CHICAGO (CN) - A Wisconsin gun-rights activist cannot sue officers in two municipalities who arrested him for disorderly conduct after he openly carried a holstered handgun into two retail stores in 2008 and 2009, the 7th Circuit ruled.

Jesus Gonzalez first ran into trouble with the law in May 2008 when he entered a West Milwaukee Menards wearing a black leather trench coat with a handgun strapped visibly in a thigh holster.

After a confrontation with the store manager near the children's play area, Gonzalez complied with a request to return the gun to his car before returning to shop. By the time he was leaving the store, however, Officer Patrick Krafcheck had responded to the store's call. When Gonzalez refused to tell Krafcheck the location of the gun, he was arrested.

In April 2009, Gonzalez was again arrested while openly carrying a handgun at a Chilton Wal-Mart. Officer Michel Young responded to the emergency call, and confronted Gonzalez while he was completing an ammunition purchase.

Young drew his own weapon, told Gonzalez to freeze, and then arrested him for disorderly conduct. Unable to contact the District Attorney to determine whether Gonzalez's actions constituted disorderly conduct, Young released Gonzalez but decided to confiscate his gun, which was eventually returned.

Gonzalez was not prosecuted, but he filed suit against both municipalities and the arresting officers, alleging violations of his Fourth Amendment rights. According to Gonzalez, he was arrested without probably cause and his guns were illegally seized.

Wisconsin federal Judge Lynn Adelman granted summary judgment to the defendants, finding that they did have probable cause to arrest Gonzalez and were alternatively entitled to qualified immunity.
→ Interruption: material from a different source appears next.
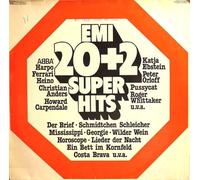 Various - Fernando / EMI 20+2 Superhits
She also dismissed the seizure claim, calling it undeveloped and meritless.

While Gonzalez appealed, Wisconsin adopted a concealed-carry permitting regimen and amended statutes to clarify that openly carrying a firearm is not disorderly conduct absent "circumstances that indicate a criminal or malicious intent."

In the same month, Gonzalez was convicted of first degree reckless homicide after he shot and killed a man and wounded another on the street near his home. As a convicted felon, Gonzalez may no longer possess firearms, mooting his request for prospective declaratory relief.

The 7th Circuit affirmed the lower court decision, though on slightly different grounds.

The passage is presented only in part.